I know we just tromped through espeak, but it’s so much fun to hear your computer speak out loud.
If you read that post, you might already have the syntax for festival worked out.
fortune | festival --tts
festival needs a little more attention than espeak did. For one, the tts flag lets it read from stdin, which is what we want for fortune’s output.
If you see this:
Linux: can't open /dev/dsp
don’t cry. It just means there’s a little more configuration to be done. Send a thank-you note to Aditya Arie Nugraha, who had the foresight to paste the fix into a blog post way back in 2008. In .festivalrc,
(Parameter.set 'Audio_Command "aplay -q -c 1 -t raw -f s16 -r $SR $FILE") (Parameter.set 'Audio_Method 'Audio_Command)
And with that, it should sing like a bird for you. 😉
festival might be more attractive to you than espeak, since it has better speech output. festival also has some supplemental accents that you can install, for variety.
And I think that’s everything. Except maybe to remember not to listen to all the advice you get from your computer. It’s just a machine.
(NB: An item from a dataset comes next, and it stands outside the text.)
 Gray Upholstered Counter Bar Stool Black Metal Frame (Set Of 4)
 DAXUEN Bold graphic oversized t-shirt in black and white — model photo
There’s also festival lite if you don’t want to take up quite as much hard disk space: http://www.festvox.org/flite/
Ran across a lightweight e-book reader program using festival lite. It’s called bard and it’s at:
http://festvox.org/bard/
More information on it at:
http://festvox.org/bard/AAAREADME
Currently needs to be built from source. If SDL is built with DirectFB, bard should run outside of X. It currently displays text and ebooks in simple e-pub format. Using festival lite, it can also read the books by converting text to speech. The next version should have support for HTML/XHTML as well. I found it very useful.